● WHAT THIS TASK INVOLVES: Restate each line below word for word, skipping every picture.

[Scraped caption text data]
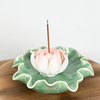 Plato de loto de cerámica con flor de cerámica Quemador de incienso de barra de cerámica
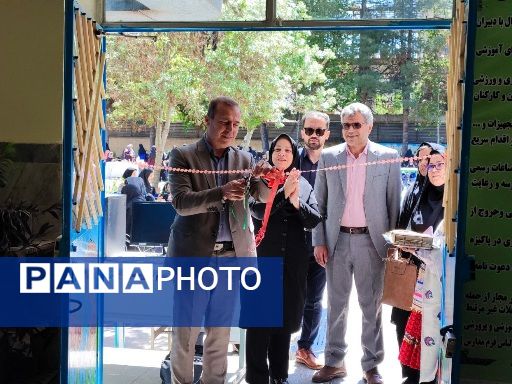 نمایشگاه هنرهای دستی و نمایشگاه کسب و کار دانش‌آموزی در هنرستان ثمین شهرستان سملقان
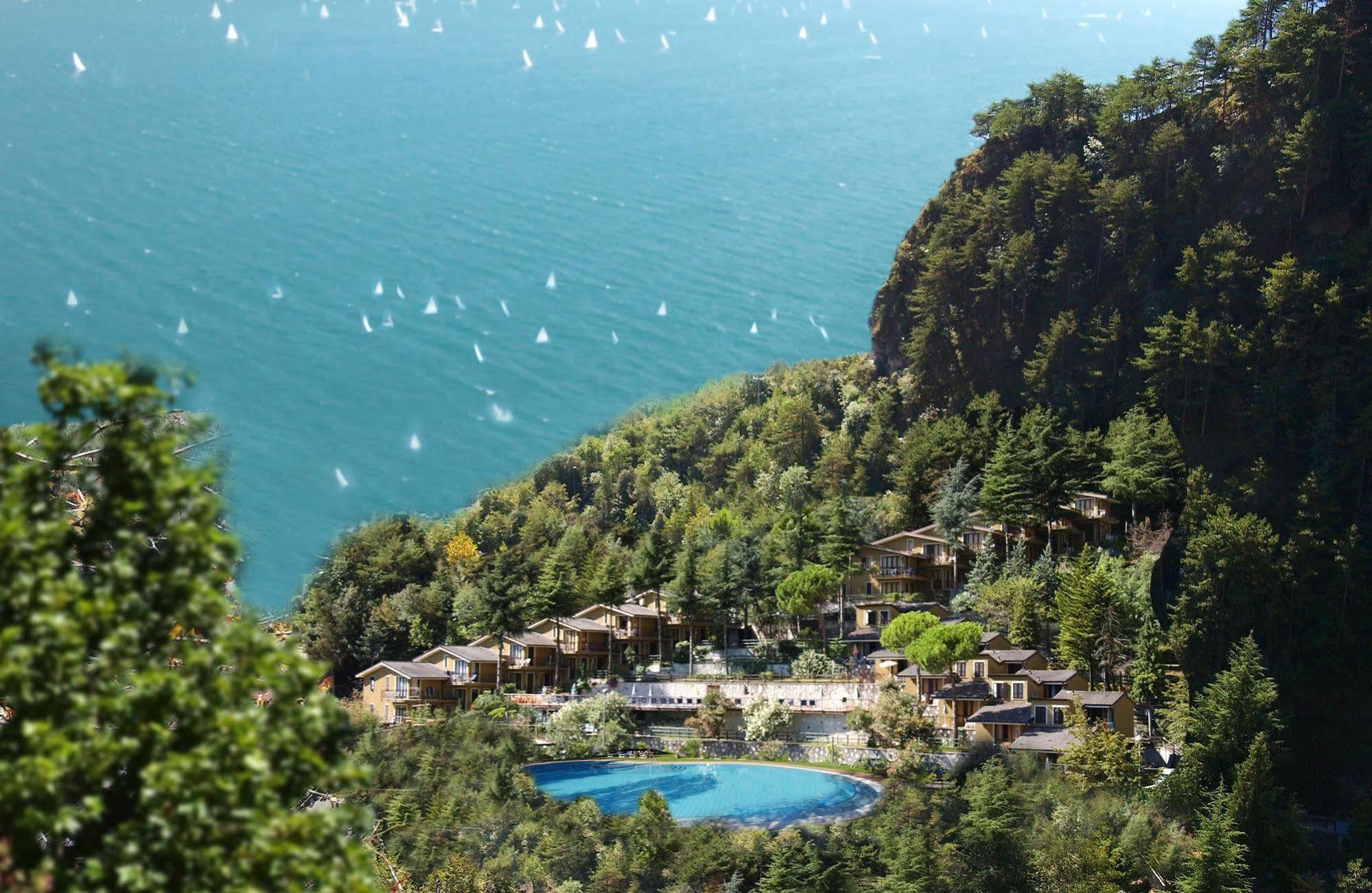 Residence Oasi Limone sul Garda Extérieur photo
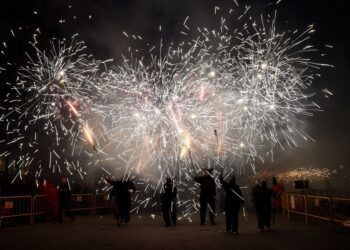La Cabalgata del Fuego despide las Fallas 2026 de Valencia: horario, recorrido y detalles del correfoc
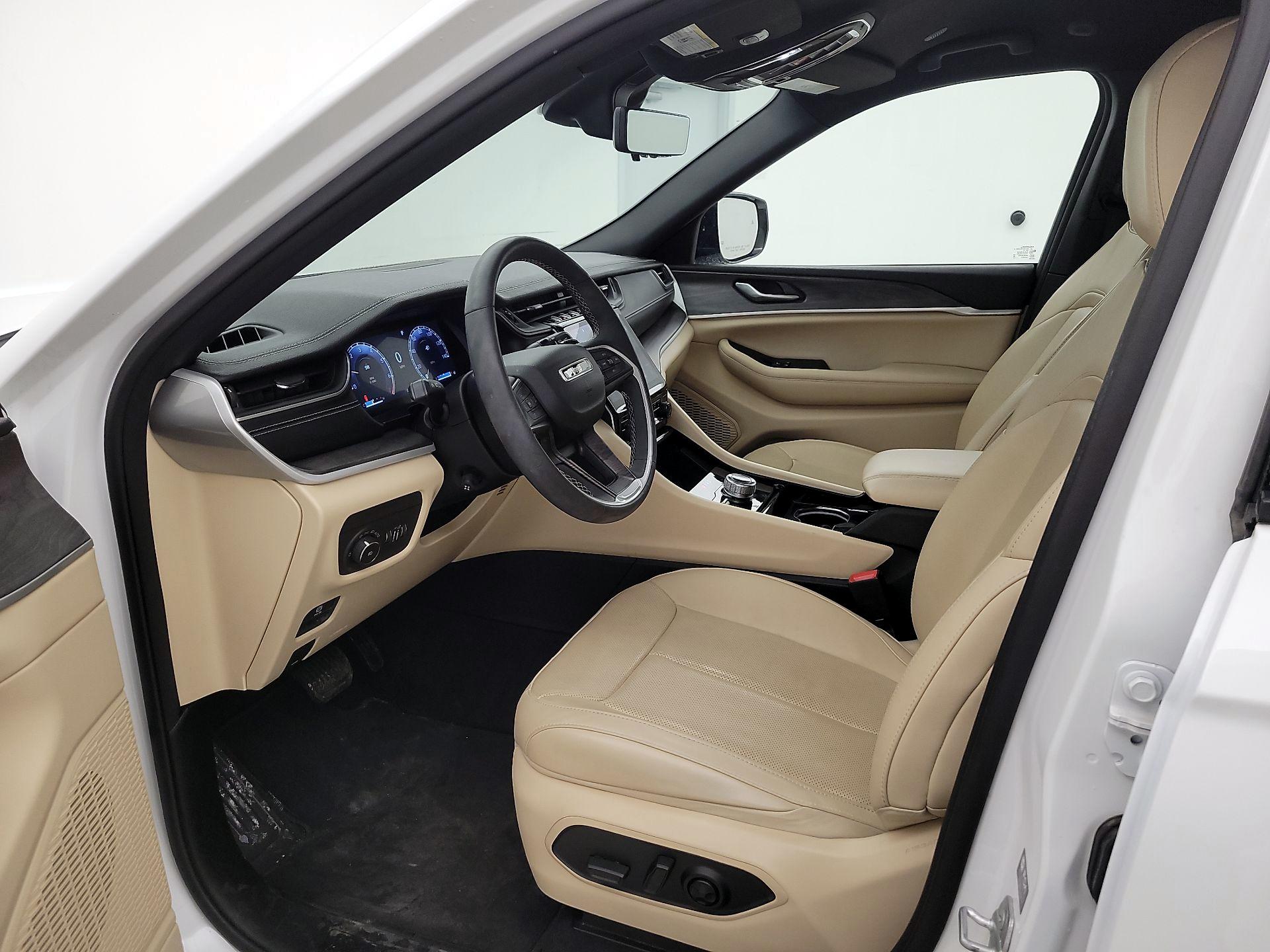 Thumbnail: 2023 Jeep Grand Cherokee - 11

● OUTPUT FOR THIS EXERCISE:
 Plato de loto de cerámica con flor de cerámica Quemador de incienso de barra de cerámica
 نمایشگاه هنرهای دستی و نمایشگاه کسب و کار دانش‌آموزی در هنرستان ثمین شهرستان سملقان
 Residence Oasi Limone sul Garda Extérieur photo
La Cabalgata del Fuego despide las Fallas 2026 de Valencia: horario, recorrido y detalles del correfoc
 Thumbnail: 2023 Jeep Grand Cherokee - 11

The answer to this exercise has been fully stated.